01/18/2009 05:12 am ET | Updated May 25, 2011

Caroline Kennedy Would Be an Outstanding Senator for New York

I've recently heard a lot of punditry questioning Caroline Kennedy's qualifications to fill Hillary Clinton's now empty seat in the United States Senate, fears that her ascendancy will lead to "dynastic" rule, and her perceived inability to win votes outside of Manhattan. But all of these concerns have little basis in reality.

First, Caroline Kennedy is qualified to serve in the Senate. Her public life where she has spent decades working in the fields of education and social reform has been rich and varied and has upheld the highest ideals and goals for social justice that were handed down to her by her extraordinary parents. If Rick Santorum and Saxby Chambliss are "qualified" to serve in the Senate, Caroline Kennedy is more than qualified.

Second, the hand-wringing about Caroline Kennedy going to the Senate moving the country closer to a dynasty is pure hogwash given the realities and costs of hanging on to a Senate seat in the state of New York. The Bush Family has nearly destroyed the nation. What "damage" could a Senator named Kennedy do to our republic at this late date? Moreover, having name recognition is a plus in a state where one might be forced to raise $70 million to win election to the Senate. The system by which we fund campaigns in this country is as broken as the financial system; that development is not Caroline Kennedy's fault.

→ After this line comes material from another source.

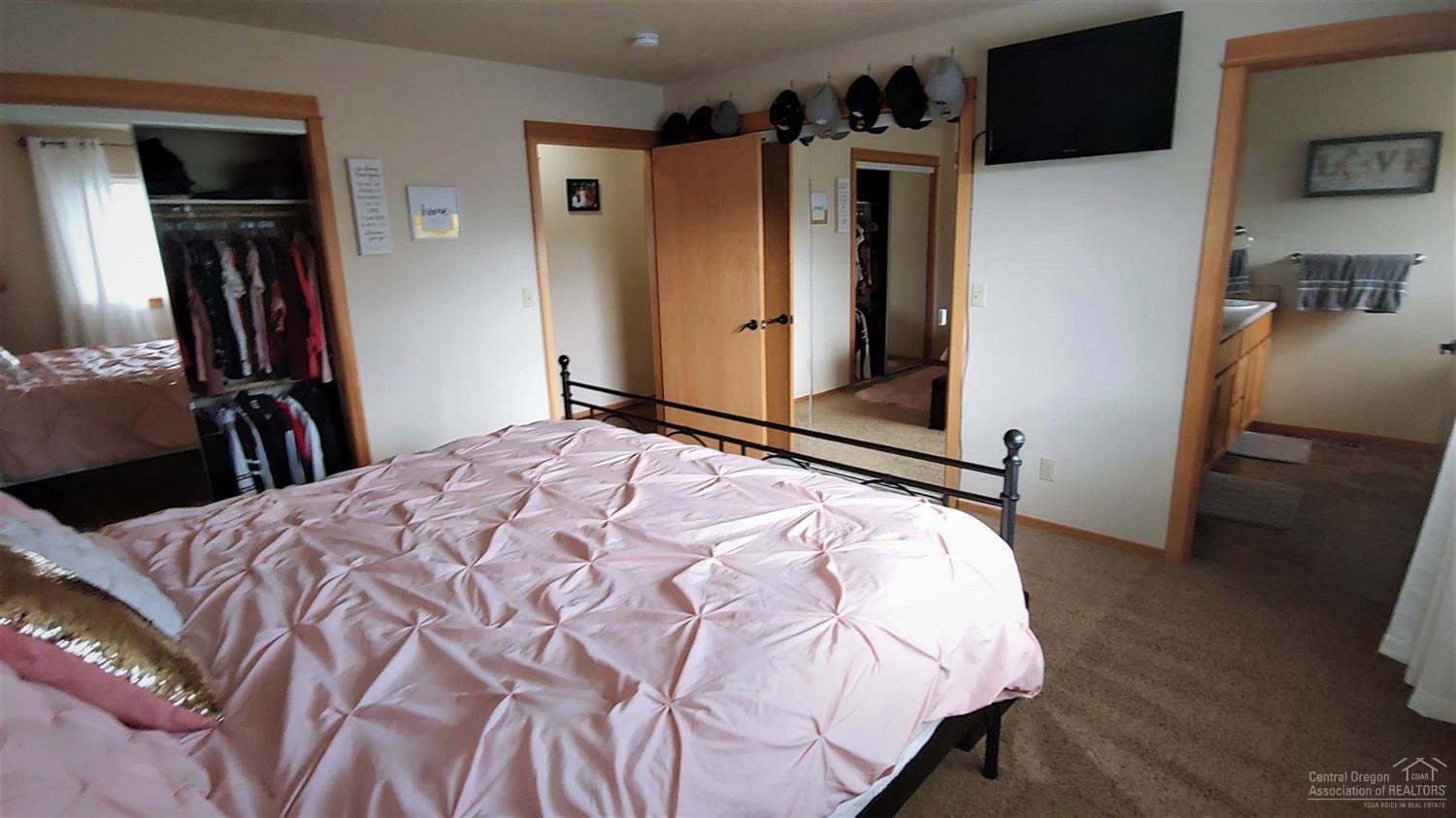 Heritage Ranch - Residential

Third, Caroline Kennedy will have no problem appealing to upstate New Yorkers. There are large, well-organized liberal communities throughout the state, including vibrant and active African-American populations in cities like Rochester, Buffalo, and Syracuse. Organized labor has been hit hard in recent years but unions are still a political force outside New York City. (And let's not forget the People's Republic of Ithaca.) Back in 1964, when Robert F. Kennedy ran for his first elective office (the same seat his niece is now seeking) he had no problem winning upstate voters. Like Caroline today, RFK's detractors denounced him as a Manhattan liberal who could never spark enthusiasm "out in the sticks." But he proved them all wrong. Lyndon Johnson's landslide election that year certainly boosted his numbers but RFK made solid showings upstate. Kennedy had the added disadvantages of being labeled a "carpet bagger" and he was running against a popular moderate incumbent Republican, Kenneth Keating (who was from upstate). Caroline Kennedy has neither of these stigmas.

The upstate dairy farmers and others involved in agricultural production listened to RFK's plans for the country when he traveled through rural New York and they generally liked his ideas for using the federal government to promote the sale of their food products. It was contested ground, but RFK campaigned hard upstate visiting dozens of tiny hamlets including Watertown where he was greeted with Barry Goldwater signs and a ten-year-old boy holding a placard reading: "Don't Use Me In Your Cynical Power Grab!" In Rochester, a scene of rioting in the black community the previous summer, RFK, against the advice of local Democratic pols, spoke of the economic divisions of race in America: "In the South," he said, "you can pass legislation to permit a Negro to have an ice cream cone at Howard Johnson's, but you can't pass legislation to automatically give a Negro an education. I believe the community must provide education so there can be jobs. You have to give Negroes some hope."

Caroline Kennedy came out early with a pivotal endorsement of Barack Obama when he needed it most. Now he is awaiting his inaugural as the nation's first African-American president. Caroline's uncle Bobby spoke about the possibility that since John F. Kennedy had broken the nation's barrier against electing a Catholic president there would be one day an African-American president. RFK also would be immensely gratified to see the nation's first African-American Attorney General, since he did so much to promote diversity inside the Justice Department and expand the Civil Rights Division when he was Attorney General. Caroline Kennedy has followed the tradition of public service handed down to her by her family and it is fitting for her to step forward at this historic moment to give President Barack Obama a strong advocate in the Senate. She will be a fine Senator and she can defend the seat in the upcoming elections that are guaranteed to be very nasty, and very, very expensive.